The FOIA Council will hold its first meeting of 2026 on Monday, May 4, at 2 p.m. Notice for the meeting didn’t go out until 4:55 on Wednesday, and an agenda wasn’t posted until 8:28 p.m. Thursday. Technically compliant, but one would hope the FOIA Council could lead by example with more advanced notice for those having to make travel arrangements. On the agenda: election of chair/vice chair, review of bills sent to the council by the General Assembly for study, and a presentation by the Fairfax County FOIA coordinator on “Emerging Impact on AI Generated Communications on FOIA.” FOIA Council agenda
Immigration arrests in Virginia have surged over the past year, with thousands more people being taken into custody and a growing share of them being detained without prior criminal convictions. According to an analysis of US Immigration and Customs Enforcement data, obtained by VPM News through the Deportation Data Project’s FOIA-released dataset, ICE has made nearly 11,000 arrests in the commonwealth during the period between President Donald Trump’s 2025 inauguration and early March 2026. Data also shows that 13 minors under the age of 6 years old were detained by ICE in Virginia during that same period.
A routine audit of how Richmond Police Department personnel use Flock cameras found one policy violation in which data from the city’s license-plate readers was improperly shared with the Federal Bureau of Investigation, police announced Thursday. An FBI special agent contacted Richmond police asking for an image of a vehicle believed to be connected to a homicide investigation in Washington, D.C. Despite local police department rules limiting how Flock images are used, an RPD sergeant complied with the FBI’s request. … “While I appreciate the sergeant’s willingness to assist in a homicide investigation, sharing ALPR data – even of a single vehicle – with federal partners or agencies outside the Commonwealth of Virginia is prohibited,” Richmond Police Chief Rick Edwards said in RPD’s news release.
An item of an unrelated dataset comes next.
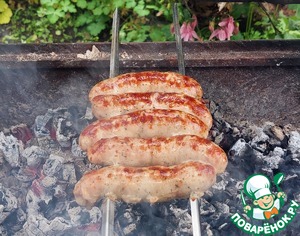 Купаты-гриль с моцареллой и томатами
A settlement has been reached in a lawsuit filed by a Salem pastor who accused a parent of damaging his reputation during a heated debate over the Roanoke County School Board’s policies affecting LGBTQ+ students nearly three years ago. Tom McCracken had listed multiple statements by Tiffany Sandifer — including an allegation that he grabbed her then 15-year-old daughter by the shoulder during a meeting — in a defamation lawsuit that sought $750,000 in damages. But in the end, he settled for a $1 bill and a public apology from Sandifer. … McCracken, the founding pastor of CommUNITY Church who has since retired, claimed that Sandifer called him a pedophile as they left an acrimonious school board meeting and later falsely accused him online of stalking children. The dispute arose from packed school board meetings in which board members adopted a policy that banned rainbow flags and other classroom displays not directly related to curriculum — a decision that followed a parent accusing school staff at Glen Cove Elementary School of being sexual predators.